A national study on pay for nonprofit hospital chief executives found that the presence of advanced technology played a bigger factor in higher compensation level than did quality of care, charity care or initiatives to reduce readmission rates.
The Harvard University study was released Tuesday on the Internal Medicine website of the Journal of the American Medical Association.
Researchers based their report on publicly available 2009 total compensation data for 1,877 chief executives serving at 2,681 private nonprofit hospitals. The mean compensation level was $469,096 for calendar year 2009, with a range of $106,324 to $2.1 million.
The researchers said what made their study different is that they “determined the degree to which a hospital’s performance on financial metrics, technologic metrics, quality metrics and community benefit in 2008 was associated with CEO pay in 2009.”
“Executive compensation metrics are a powerful reflection of the priorities of an institution, and likely have the ability to shape the focus of the CEO,” the researchers said in their conclusion.
“We found that CEO compensation at nonprofit U.S. hospitals varies widely and is associated with greater use of technology and higher patient satisfaction, but not with quality of care delivered, patient outcomes or community benefits.”
For example, chief executives of nonprofit hospitals with high levels of advanced technology earned on average $136,000 more than those with little advanced equipment.
“There was nearly no relationship between patient outcomes, particularly mortality and high readmission rates, and CEO compensation targets,” said Dr. Ashish Jha, the study’s main author and a professor of health policy at Harvard School of Public Health.
As a result, he questions whether nonprofit hospital CEO pay and the boards that set the compensation standards are “out of step” with efforts, such as by the Centers for Medicare and Medicaid Services, to more directly tie hospital reimbursement rates with patient outcomes.
Jha said the study did not include electronic health records as part of its technologic metrics since the transitional push away from paper records began in earnest shortly after the Obama administration began directing national health-care policy in 2009.
Jha said the researchers took on the study in part because of the influence that nonprofit hospitals’ chief executives have on “shaping the performance of their organizations through setting organizational priorities, allocating resources and hiring clinical leadership.”
Using the established metrics, the researchers determined compensation was higher for chief executives who managed more hospital beds, who ran an academic medical center (such as Wake Forest Baptist Medical Center), and the presence of higher levels of advanced technology. The average CEO of an academic medical center was paid $425,078 more than those at a non-teaching hospital.
On the flip side, chief executives were more likely to be less compensated if they had a higher proportion of poor patients and Medicare patients.
“Despite the fact that we examined nonprofit institutions whose tax-exempt status is based on their ability to demonstrate community benefit, we found no relationship between the degree of that benefit and CEO compensation,” the researchers said.
The researchers recommended that the link between CEO pay and hospital quality performances be made “more explicit.”
In a companion piece to the report on the JAMA website, Dr. Warren Browner, chief executive of California Pacific Medical Center, said most nonprofit hospitals do not reward chief executives more for technology advances, or glitz, than quality of care.
He agreed that pay for performance should apply to chief executives as much as doctors.

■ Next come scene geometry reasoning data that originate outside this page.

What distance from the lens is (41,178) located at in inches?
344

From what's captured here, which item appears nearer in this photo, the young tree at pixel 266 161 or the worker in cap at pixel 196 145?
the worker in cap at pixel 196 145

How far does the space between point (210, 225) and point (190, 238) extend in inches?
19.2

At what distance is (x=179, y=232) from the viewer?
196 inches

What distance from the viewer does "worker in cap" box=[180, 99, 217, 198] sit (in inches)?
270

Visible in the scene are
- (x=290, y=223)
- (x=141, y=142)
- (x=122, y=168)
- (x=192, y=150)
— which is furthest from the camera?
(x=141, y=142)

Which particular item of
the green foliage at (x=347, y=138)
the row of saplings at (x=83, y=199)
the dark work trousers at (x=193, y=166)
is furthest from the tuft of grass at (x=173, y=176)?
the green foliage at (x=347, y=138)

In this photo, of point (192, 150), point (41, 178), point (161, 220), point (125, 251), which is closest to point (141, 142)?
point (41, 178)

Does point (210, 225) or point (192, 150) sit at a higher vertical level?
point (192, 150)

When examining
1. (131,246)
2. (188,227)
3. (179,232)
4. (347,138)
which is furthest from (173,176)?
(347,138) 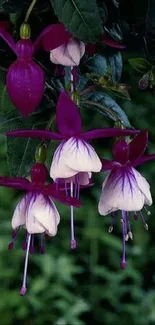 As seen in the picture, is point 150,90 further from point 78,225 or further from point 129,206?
point 78,225

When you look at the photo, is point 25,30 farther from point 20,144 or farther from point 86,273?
point 86,273

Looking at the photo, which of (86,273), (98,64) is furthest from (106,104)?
(86,273)

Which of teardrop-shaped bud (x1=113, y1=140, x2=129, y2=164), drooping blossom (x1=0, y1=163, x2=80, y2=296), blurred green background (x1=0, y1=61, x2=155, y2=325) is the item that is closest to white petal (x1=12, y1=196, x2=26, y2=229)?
drooping blossom (x1=0, y1=163, x2=80, y2=296)

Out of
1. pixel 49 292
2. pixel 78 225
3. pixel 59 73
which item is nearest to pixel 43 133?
pixel 59 73

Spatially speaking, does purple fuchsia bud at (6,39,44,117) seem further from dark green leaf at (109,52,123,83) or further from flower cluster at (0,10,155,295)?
dark green leaf at (109,52,123,83)

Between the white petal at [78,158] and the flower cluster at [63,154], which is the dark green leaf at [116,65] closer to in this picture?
the flower cluster at [63,154] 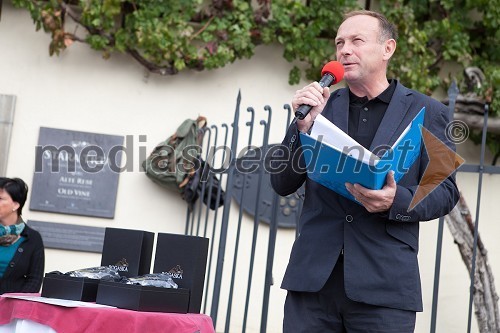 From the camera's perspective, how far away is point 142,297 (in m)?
2.80

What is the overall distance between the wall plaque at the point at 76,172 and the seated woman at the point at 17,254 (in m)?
1.72

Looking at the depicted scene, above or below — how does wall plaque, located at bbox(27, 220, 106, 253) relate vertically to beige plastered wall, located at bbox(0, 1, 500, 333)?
below

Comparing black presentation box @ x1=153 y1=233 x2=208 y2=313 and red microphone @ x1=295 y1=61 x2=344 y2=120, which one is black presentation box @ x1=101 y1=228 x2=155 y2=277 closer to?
black presentation box @ x1=153 y1=233 x2=208 y2=313

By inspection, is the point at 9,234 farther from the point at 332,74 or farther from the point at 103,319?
the point at 332,74

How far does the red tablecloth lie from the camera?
2678 mm

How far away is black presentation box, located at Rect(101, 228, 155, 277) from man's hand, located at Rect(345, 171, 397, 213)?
94cm

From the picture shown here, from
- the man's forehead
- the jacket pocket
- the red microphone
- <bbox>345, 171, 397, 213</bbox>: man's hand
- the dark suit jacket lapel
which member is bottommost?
the jacket pocket

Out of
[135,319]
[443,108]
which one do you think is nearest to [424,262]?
[443,108]

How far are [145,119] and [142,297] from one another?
459 cm

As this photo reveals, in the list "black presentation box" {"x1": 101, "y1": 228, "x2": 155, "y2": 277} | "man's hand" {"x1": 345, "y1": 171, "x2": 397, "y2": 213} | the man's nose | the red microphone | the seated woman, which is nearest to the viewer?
"man's hand" {"x1": 345, "y1": 171, "x2": 397, "y2": 213}

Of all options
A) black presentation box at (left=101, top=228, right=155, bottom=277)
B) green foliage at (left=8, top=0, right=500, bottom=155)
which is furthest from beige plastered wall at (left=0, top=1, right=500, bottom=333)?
black presentation box at (left=101, top=228, right=155, bottom=277)

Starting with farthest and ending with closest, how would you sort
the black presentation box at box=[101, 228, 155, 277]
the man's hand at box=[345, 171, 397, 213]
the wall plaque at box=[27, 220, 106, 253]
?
the wall plaque at box=[27, 220, 106, 253], the black presentation box at box=[101, 228, 155, 277], the man's hand at box=[345, 171, 397, 213]

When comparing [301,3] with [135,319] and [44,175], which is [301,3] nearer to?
[44,175]

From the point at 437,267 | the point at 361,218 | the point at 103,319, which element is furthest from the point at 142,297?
the point at 437,267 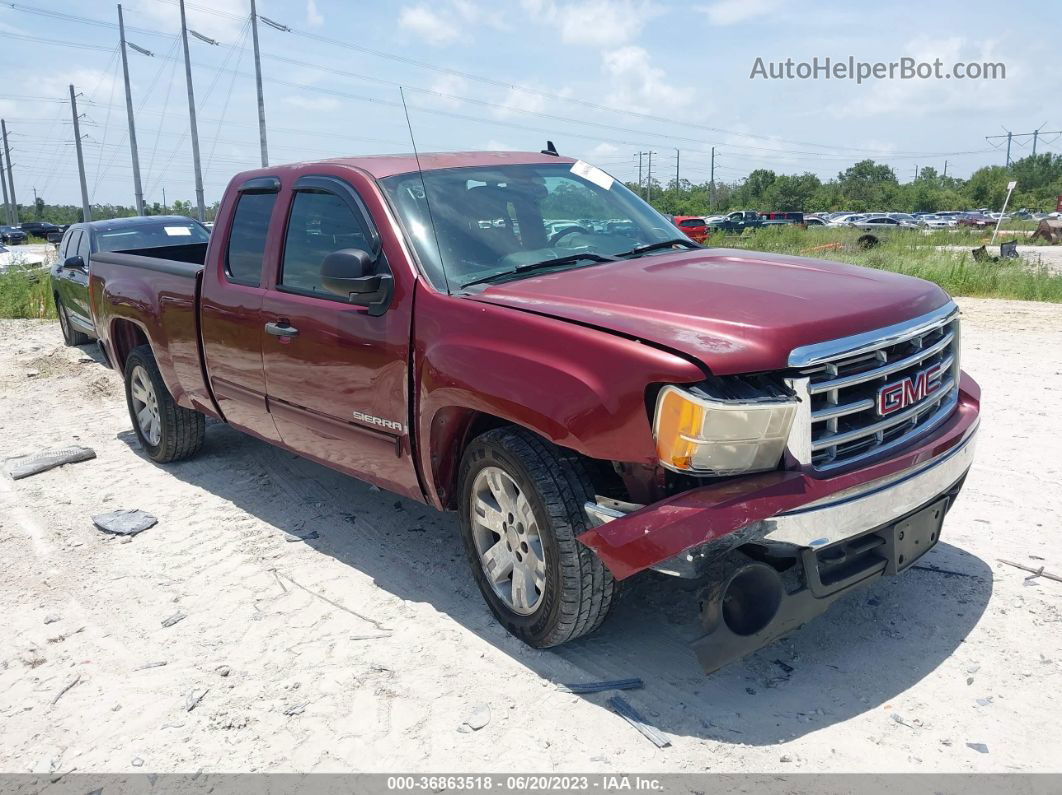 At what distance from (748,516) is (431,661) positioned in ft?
4.95

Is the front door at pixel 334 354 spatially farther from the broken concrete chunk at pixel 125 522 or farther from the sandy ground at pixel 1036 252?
the sandy ground at pixel 1036 252

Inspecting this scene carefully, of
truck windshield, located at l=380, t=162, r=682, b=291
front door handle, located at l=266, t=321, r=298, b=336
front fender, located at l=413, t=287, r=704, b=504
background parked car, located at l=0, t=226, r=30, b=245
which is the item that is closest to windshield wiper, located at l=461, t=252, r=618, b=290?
truck windshield, located at l=380, t=162, r=682, b=291

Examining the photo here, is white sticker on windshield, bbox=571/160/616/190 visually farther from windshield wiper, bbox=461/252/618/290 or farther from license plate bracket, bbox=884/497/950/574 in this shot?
license plate bracket, bbox=884/497/950/574

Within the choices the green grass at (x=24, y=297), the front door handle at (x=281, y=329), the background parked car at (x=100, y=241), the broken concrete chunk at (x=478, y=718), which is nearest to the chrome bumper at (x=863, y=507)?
the broken concrete chunk at (x=478, y=718)

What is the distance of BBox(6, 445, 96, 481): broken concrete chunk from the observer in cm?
629

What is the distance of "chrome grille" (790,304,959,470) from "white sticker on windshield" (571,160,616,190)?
1976 millimetres

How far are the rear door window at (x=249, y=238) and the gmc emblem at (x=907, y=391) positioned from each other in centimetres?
324

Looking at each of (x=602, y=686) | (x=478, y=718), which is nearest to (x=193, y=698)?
(x=478, y=718)

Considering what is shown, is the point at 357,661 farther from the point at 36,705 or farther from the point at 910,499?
the point at 910,499

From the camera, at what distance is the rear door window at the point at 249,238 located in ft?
15.4

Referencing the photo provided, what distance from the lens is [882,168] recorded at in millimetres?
91812

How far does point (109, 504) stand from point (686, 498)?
4.30 metres

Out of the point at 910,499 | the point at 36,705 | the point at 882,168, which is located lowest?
the point at 36,705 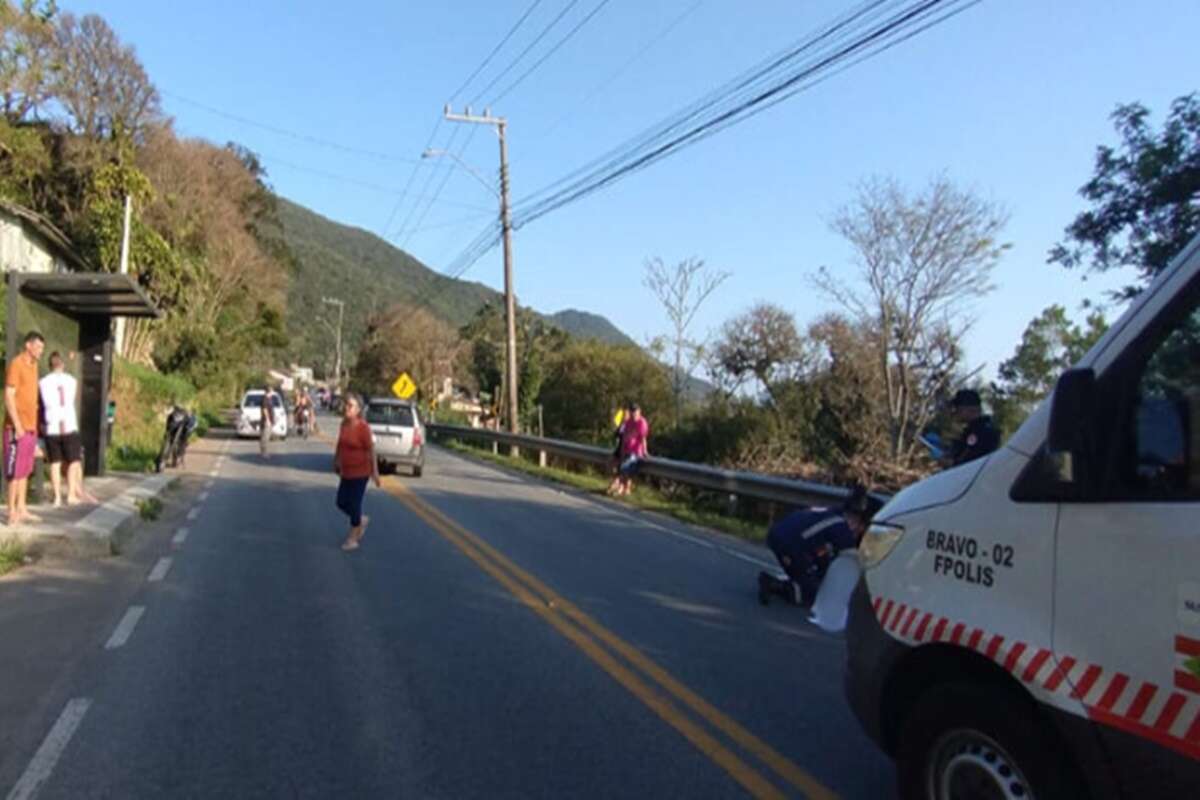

But he thought the researchers didn’t properly separate a chief executive’s base pay from his bonus and incentive pay. He said base pay is based mostly on a hospital’s structural attributes.
“Their conclusion that advanced technology drives CEO pay might be right,” Browner said.
“But an observational design cannot rule out alternatives, such as CEOs at fancier hospitals earn more because they are worth more, or because the members of the board compensation committees at glitzy hospitals are more accustomed to higher incomes.”
He said that hospitals that have high level of charity care demand “often struggle financially, making it less likely that their CEOs will be well compensated, even if their boards wanted to do so.”
He acknowledged that some hospital CEOs have “likely figured out how to game the system by working to align their incentive compensation with the metrics their hospital usually achieves – and trumpeting those results.”